- _Exercise_
Your answer should be the lines from the one with "econice新款保暖内衣女款秋冬季贴身肌底衣内穿打底秋衣秋裤套装" to the end of the data below, both included, exact and free of pictures.

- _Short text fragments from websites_

----------

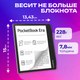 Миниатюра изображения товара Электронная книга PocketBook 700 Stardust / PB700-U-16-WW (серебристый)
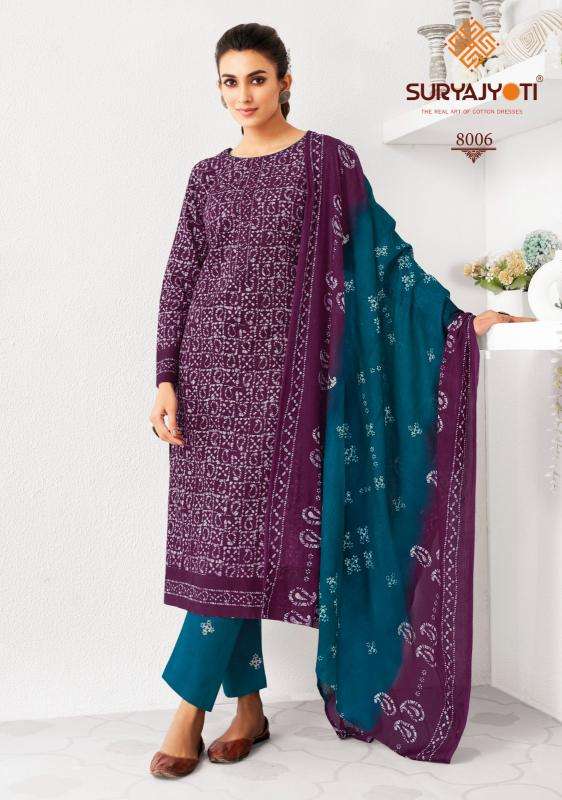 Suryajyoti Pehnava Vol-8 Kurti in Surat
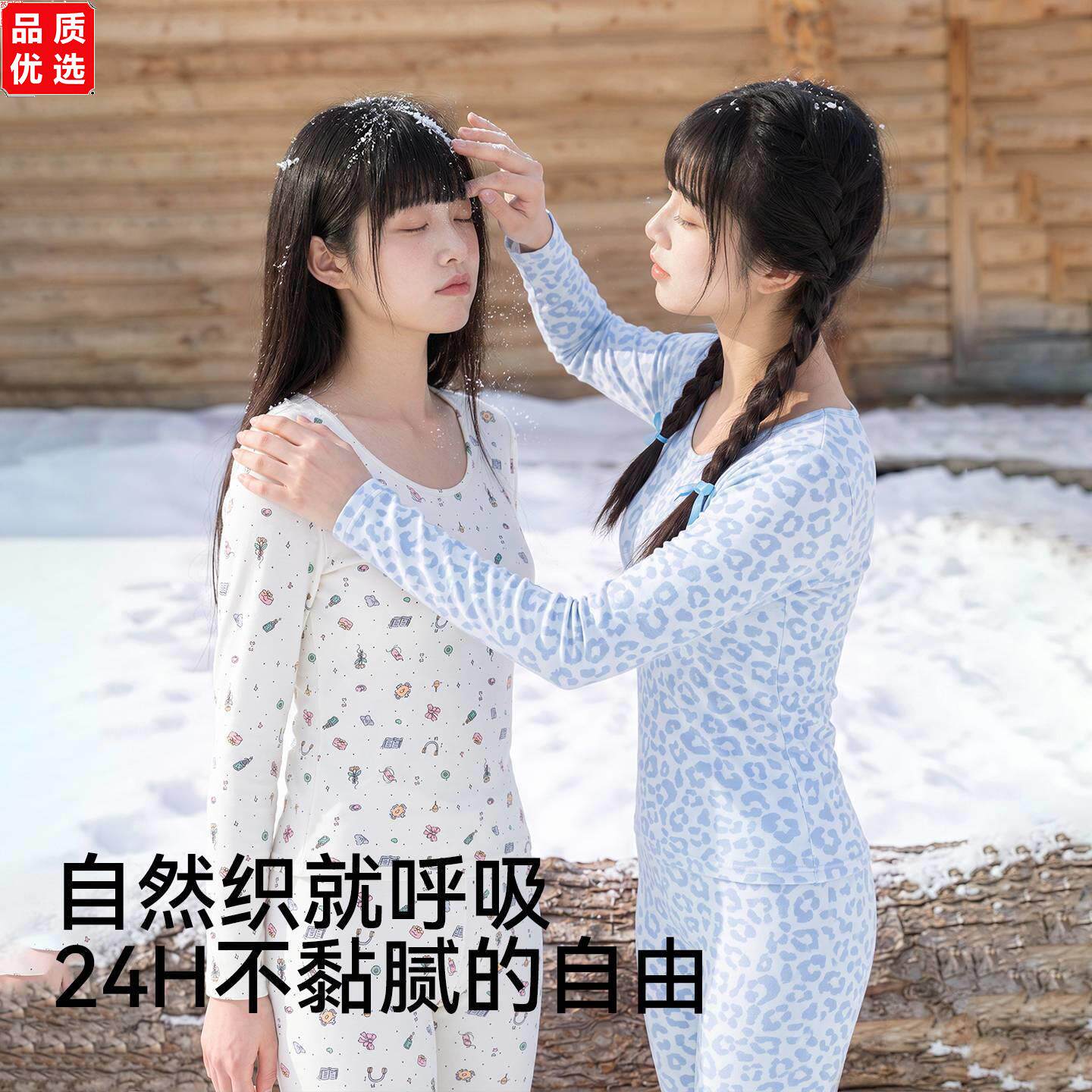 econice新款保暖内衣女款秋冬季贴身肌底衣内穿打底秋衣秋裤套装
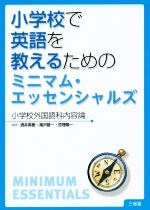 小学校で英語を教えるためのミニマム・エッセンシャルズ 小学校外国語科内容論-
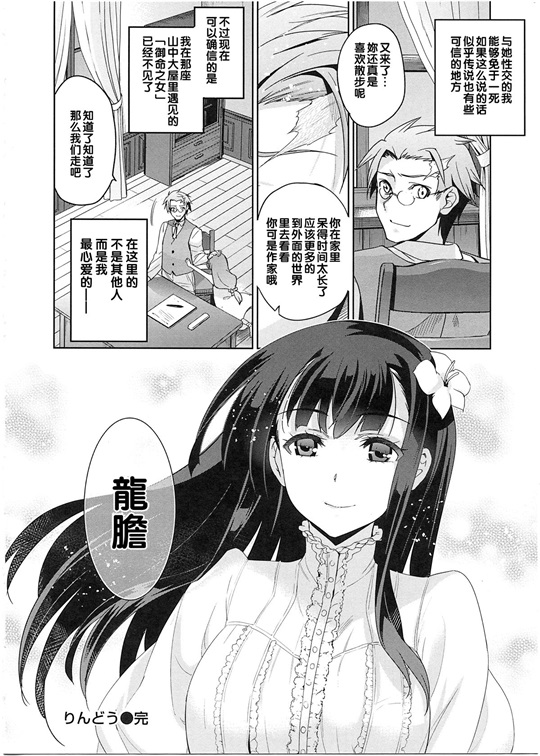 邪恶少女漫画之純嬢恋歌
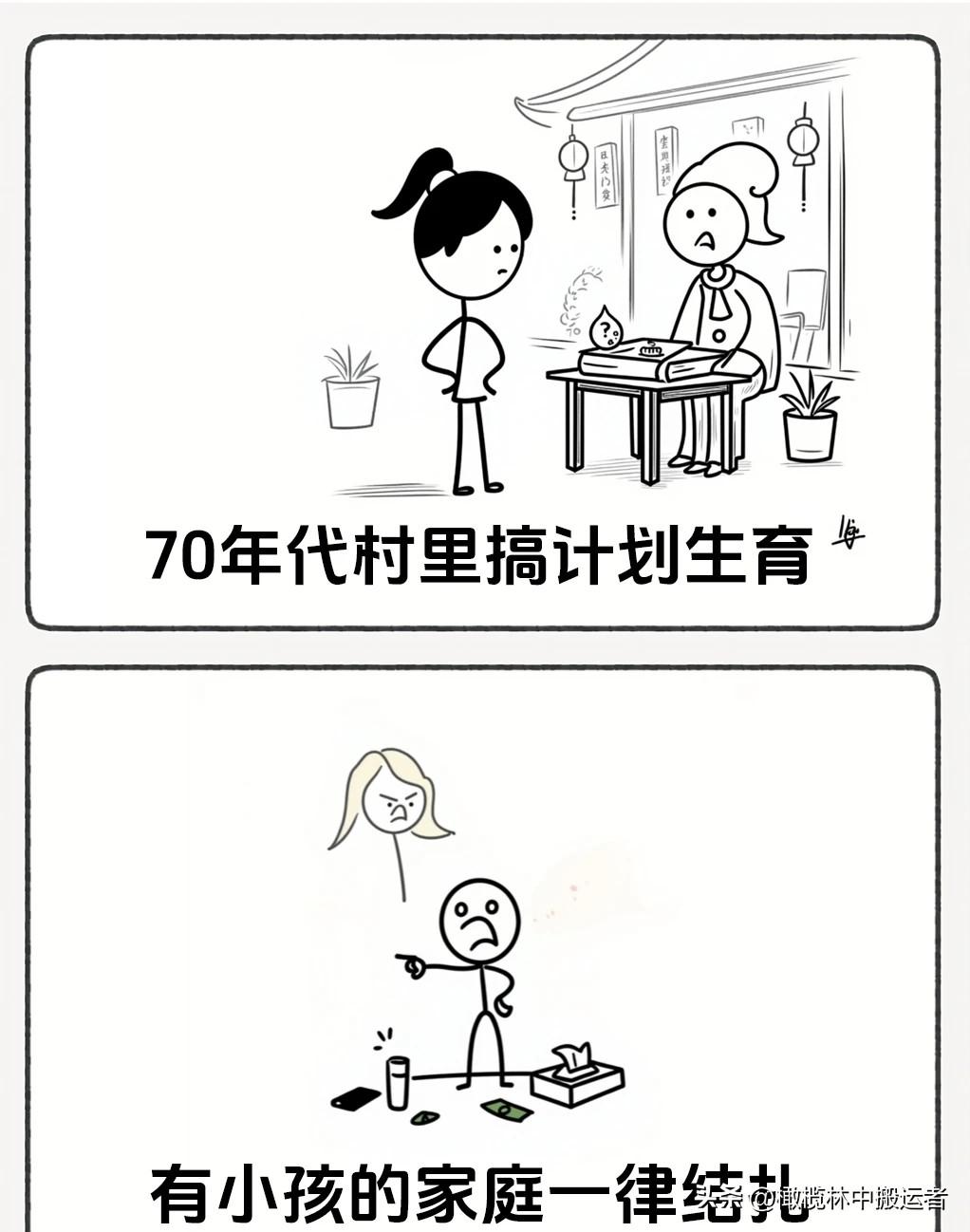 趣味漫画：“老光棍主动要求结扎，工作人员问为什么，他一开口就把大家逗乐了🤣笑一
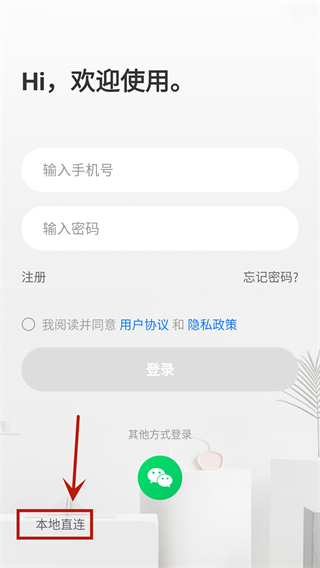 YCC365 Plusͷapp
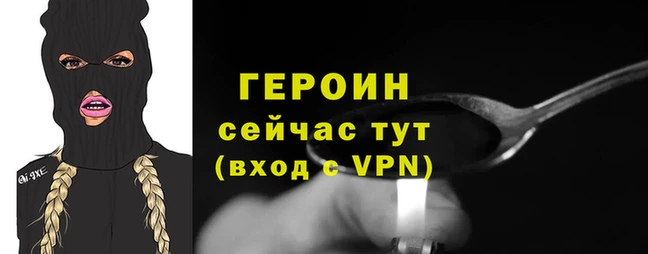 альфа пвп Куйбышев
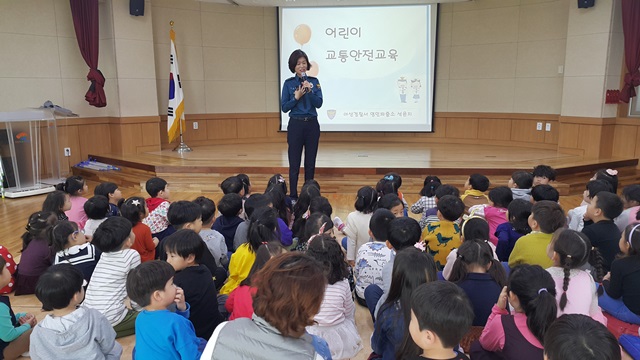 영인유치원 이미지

----------

- _Solution for this task_
 econice新款保暖内衣女款秋冬季贴身肌底衣内穿打底秋衣秋裤套装
 小学校で英語を教えるためのミニマム・エッセンシャルズ 小学校外国語科内容論-
 邪恶少女漫画之純嬢恋歌
 趣味漫画：“老光棍主动要求结扎，工作人员问为什么，他一开口就把大家逗乐了🤣笑一
 YCC365 Plusͷapp
 альфа пвп Куйбышев
 영인유치원 이미지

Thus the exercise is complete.